Aidé par l'AIE, le pétrole finit au plus haut de l'année à New York

Les cours pétroliers sont un peu montés jeudi et ont fini pour la deuxième séance de suite au plus haut de l'année à New York, après que l'Agence internationale de l'énergie (AIE) a alimenté l'optimisme des investisseurs par un rapport encourageant.

Le cours du baril de référence (WTI) pour livraison en juin, qui avait déjà fini la veille à un niveau sans précédent depuis novembre, a pris 47 cents à 46,70 dollars sur le New York Mercantile Exchange (Nymex).

"Le marché est animé par plusieurs éléments", a résumé Andy Lipow, de Lipow Oil Associates, citant notamment le fait que "l'AIE, comme le département américain de l'Energie (DoE), ont revu en hausse leurs prévisions de demande".

Bras énergétique de l'OCDE, l'AIE a non seulement laissé la porte ouverte à une accélération de la demande en 2016, mais aussi prévu une forte baisse de la production en dehors de l'Organisation des pays exportateurs de pétrole (Opep).

"Cela fait espérer que le marché se rééquilibre d'ici la fin de l'année" alors qu'il est plombé depuis plus de deux ans par une surabondance générale, a commenté M. Lipow.

Le DoE avait déjà publié des conclusions plutôt encourageantes en début de semaine dans son propre rapport mensuel, et les investisseurs attendent encore pour vendredi une publication semblable de l'Opep.

En dehors de ces rapports, "le marché continue à profiter de l'annonce hier d'une baisse inattendue des stocks de brut aux Etats-Unis", a noté Gene McGillian de Tradition Energy, évoquant aussi les incertitudes persistantes autour des incendies au Canada et des sabotages au Nigeria.

Les réserves américaines de brut s'approchent de niveaux jamais vus et les analystes s'attendent à une nouvelle hausse hebdomadaire.
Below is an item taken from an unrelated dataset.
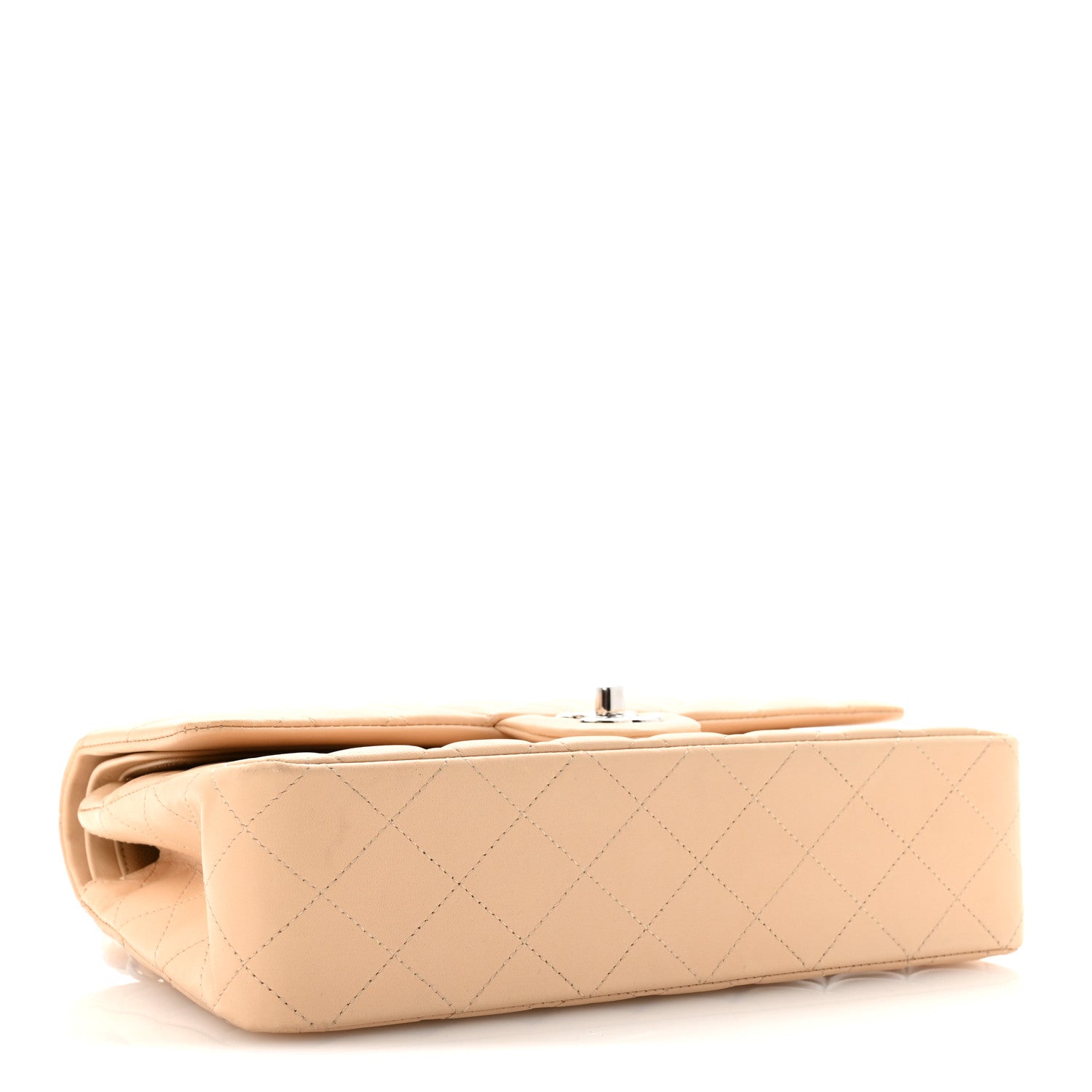 Chanel Lambskin Quilted Medium Double Flap Beige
Le département de l'Energie (DoE) a fait état mercredi d'une baisse de plus de trois millions de barils des stocks lors de la semaine achevée le 6 mai.

Les incendies canadiens n'ont guère affecté le niveau des importations.

"Et en même temps, la production américaine continue à baisser", désormais au plus bas depuis l'automne 2014, a souligné M. Lipow.

Le déclin persistant de la production américaine est l'une des principales lueurs d'espoir des investisseurs, après l'échec mi-avril de négociations entre pays producteurs en l'absence des Etats-Unis.